My Farm Roots: Hard Work a Life Lesson

Jeremy Bernfeld/Harvest Public Media

Every year on my birthday I know there’s a thin, flat package waiting for me to open. It’s wrapped with neat corner folds and held together perfectly with just three pieces of tape – nothing wasted.

I always knock on the front and hear the crisp, deep thud of a hardcover book. I know it’s a book. And I know who it’s from.

Reading isn’t just a hobby for my grandparents, it’s a way of life. It’s a life lesson, it’s a value to live by. And it’s one they’ve passed down to their kids and their kids’ kids. But I didn’t really know why until I interviewed my grandfather about his early life growing up on a farm in central Kansas.

Wilson and Dorothy O’Connell both grew up in Hutchinson, Kan., children of the Great Depression. Whip smart, ambitious and motivated, they worked hard from a young age, Wilson got a scholarship and they both attended the University of Kansas. They rarely, if ever, looked back.

Early life for my grandfather, Wilson O’Connell, was especially hard. A devastating combination of the crashing market, a catastrophic flood and family tragedy forced the three grocery stores his father owned to close and pushed the family in to bankruptcy. At eight years old, he moved to a tiny farm on the edge of town.

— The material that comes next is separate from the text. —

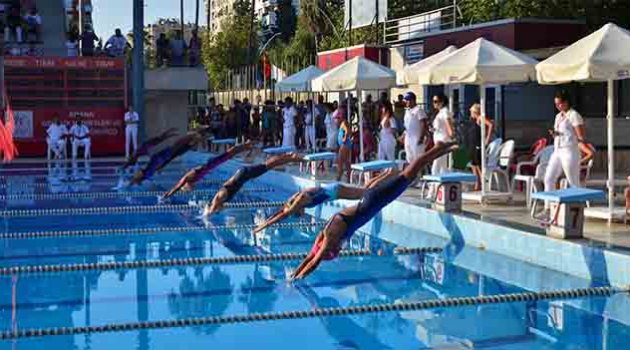 Adana’da 2015-2016 sezonu performans yüzme yarışları tamamlandı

“Poverty was such a constant,” he said. “Everything was tainted by poverty.”

He hated farm life. It required constant back-breaking work in the hot Kansas sun to merely eke out a living. And he knew there was so much more. His father worked 15-20 hours a day and he forced the young Wilson in to the fields as much as possible.

“He wanted me to work hard, too, but I wanted to read,” he said. “So there was a constant friction.”

Reading was an escape. Nurtured by a teacher who saw promise, Wilson dove headfirst in to his school work. He studied hard. And the stories he read helped him see what was possible.

“I read everything I got my hands on,” he said. “I loved to read stories of people who had overcome adversity because I pictured myself in their shoes. They were able to come from something. And that’s what I wanted desperately, was to get out of the life I was leading.”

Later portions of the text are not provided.